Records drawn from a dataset
-*-

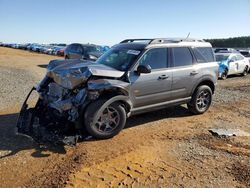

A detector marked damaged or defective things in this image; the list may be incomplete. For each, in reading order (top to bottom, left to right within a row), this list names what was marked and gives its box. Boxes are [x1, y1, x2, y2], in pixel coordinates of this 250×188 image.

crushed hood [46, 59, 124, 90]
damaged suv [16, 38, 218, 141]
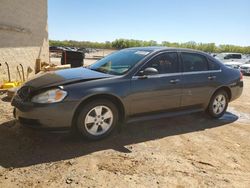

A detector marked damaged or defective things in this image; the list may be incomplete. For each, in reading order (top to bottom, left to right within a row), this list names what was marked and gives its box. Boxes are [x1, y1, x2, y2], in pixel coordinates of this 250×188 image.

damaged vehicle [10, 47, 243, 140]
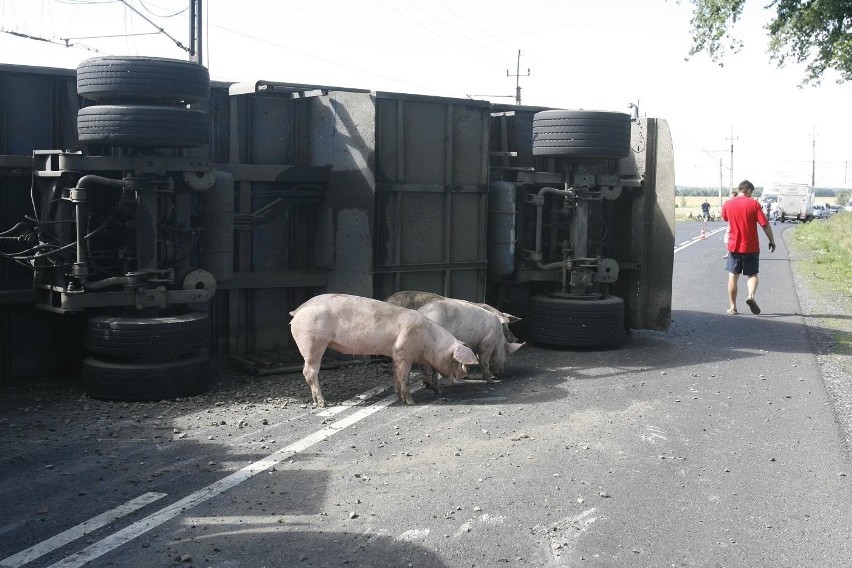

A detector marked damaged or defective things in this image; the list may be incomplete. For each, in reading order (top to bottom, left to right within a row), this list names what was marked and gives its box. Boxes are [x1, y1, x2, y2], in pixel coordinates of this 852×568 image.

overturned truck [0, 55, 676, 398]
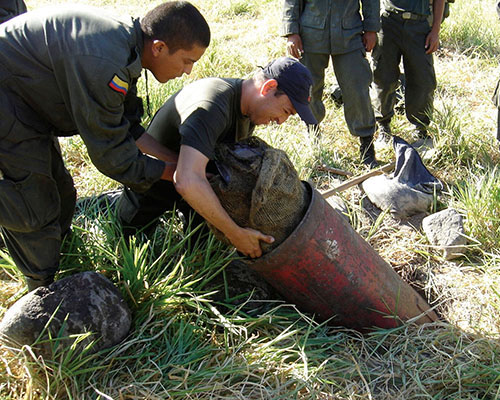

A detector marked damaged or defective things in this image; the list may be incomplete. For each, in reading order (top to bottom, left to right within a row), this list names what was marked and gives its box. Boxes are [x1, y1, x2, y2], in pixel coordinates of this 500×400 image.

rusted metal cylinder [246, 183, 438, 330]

-*-

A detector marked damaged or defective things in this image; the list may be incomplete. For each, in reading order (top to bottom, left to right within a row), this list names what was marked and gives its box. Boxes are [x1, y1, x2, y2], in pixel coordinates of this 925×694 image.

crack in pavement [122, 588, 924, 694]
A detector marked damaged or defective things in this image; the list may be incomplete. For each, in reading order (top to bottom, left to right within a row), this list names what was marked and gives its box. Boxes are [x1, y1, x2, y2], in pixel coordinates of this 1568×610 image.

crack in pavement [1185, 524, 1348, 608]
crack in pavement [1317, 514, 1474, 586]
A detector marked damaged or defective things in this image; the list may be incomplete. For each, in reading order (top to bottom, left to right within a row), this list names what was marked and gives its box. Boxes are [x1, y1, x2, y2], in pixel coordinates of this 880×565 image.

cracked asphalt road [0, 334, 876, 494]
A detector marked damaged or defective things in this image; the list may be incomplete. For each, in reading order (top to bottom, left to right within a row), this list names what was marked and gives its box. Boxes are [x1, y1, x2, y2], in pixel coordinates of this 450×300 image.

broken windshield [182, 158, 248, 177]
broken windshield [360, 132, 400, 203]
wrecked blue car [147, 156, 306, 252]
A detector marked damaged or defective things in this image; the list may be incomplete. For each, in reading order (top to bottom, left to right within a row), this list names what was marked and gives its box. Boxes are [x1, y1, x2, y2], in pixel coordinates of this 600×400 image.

-*-

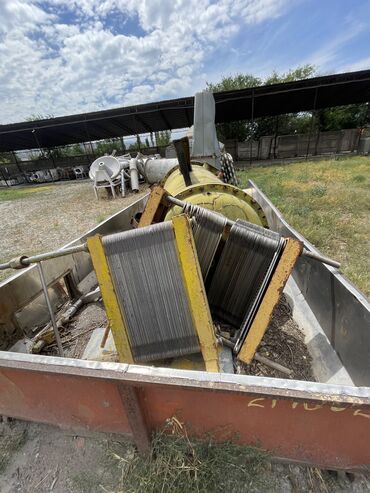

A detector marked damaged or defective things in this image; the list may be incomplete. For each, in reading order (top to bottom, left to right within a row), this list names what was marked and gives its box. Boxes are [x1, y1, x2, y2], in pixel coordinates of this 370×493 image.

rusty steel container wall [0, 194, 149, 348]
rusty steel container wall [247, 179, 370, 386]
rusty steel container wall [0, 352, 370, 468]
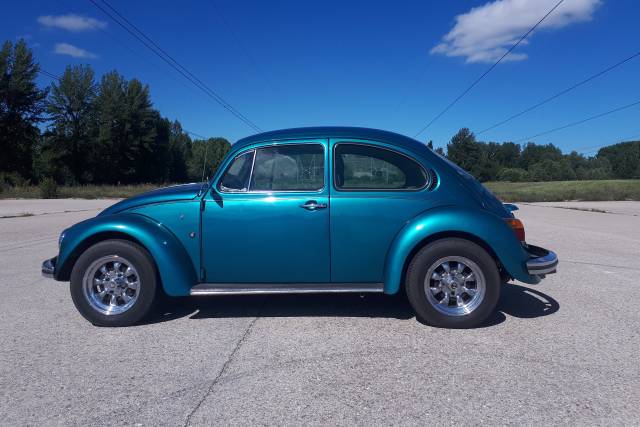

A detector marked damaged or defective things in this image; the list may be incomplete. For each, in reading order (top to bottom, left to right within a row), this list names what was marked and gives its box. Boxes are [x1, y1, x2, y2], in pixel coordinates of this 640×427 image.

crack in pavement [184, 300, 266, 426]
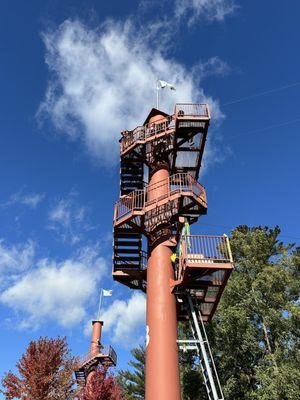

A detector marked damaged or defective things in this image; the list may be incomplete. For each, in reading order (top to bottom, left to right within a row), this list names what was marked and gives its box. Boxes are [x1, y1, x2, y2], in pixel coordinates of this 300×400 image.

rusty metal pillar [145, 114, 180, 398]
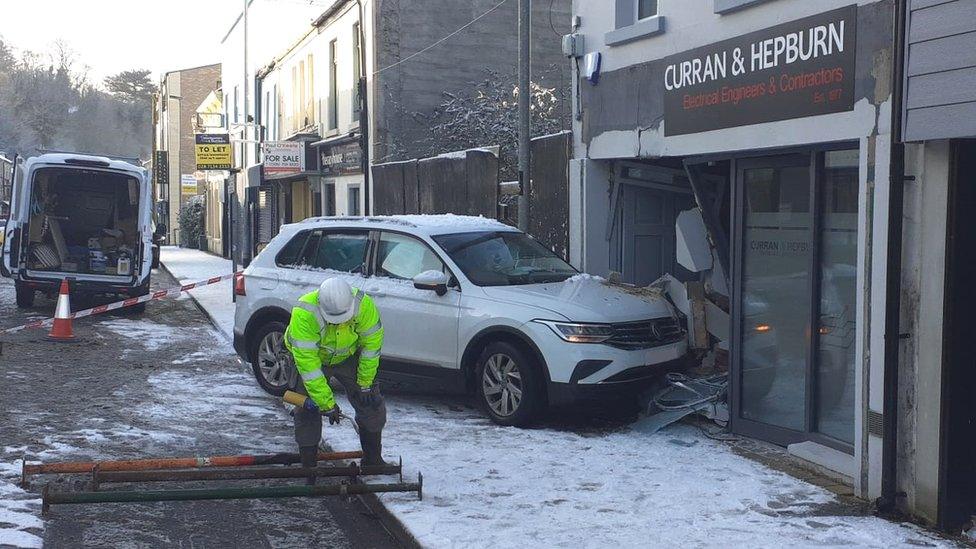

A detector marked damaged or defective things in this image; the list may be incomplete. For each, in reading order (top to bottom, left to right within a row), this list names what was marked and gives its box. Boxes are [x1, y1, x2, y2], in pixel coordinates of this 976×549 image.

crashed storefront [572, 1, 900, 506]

-*-

**EXERCISE GOAL**: Please copy, exactly and with nothing else, the lines above beginning at the line that has "this 880×565 image." and ending with the line that has "this 600×400 image.".

**RESULT FOR THIS TASK**:
A detector marked damaged or defective things in this image; the list may be incomplete. For each, in reading order (top to bottom, left to right within a row), this list names what was marked and gives its box. Boxes are [x1, y1, x2, y2], in pixel coordinates of this 880×565 image.

cracked asphalt road [0, 334, 876, 494]
A detector marked damaged or defective things in this image; the list may be incomplete. For each, in reading order (top to bottom, left to right within a row), this list names what was marked and gives its box. Boxes are [x1, y1, x2, y2], in pixel coordinates of this 450×300 image.

broken windshield [182, 158, 248, 177]
broken windshield [360, 132, 400, 203]
wrecked blue car [147, 156, 306, 252]
A detector marked damaged or defective things in this image; the list may be incomplete. For each, in reading order (top to bottom, left to right within a row), this list names what was marked and gives its box. Boxes are [x1, y1, x2, y2], in pixel coordinates of this 600×400 image.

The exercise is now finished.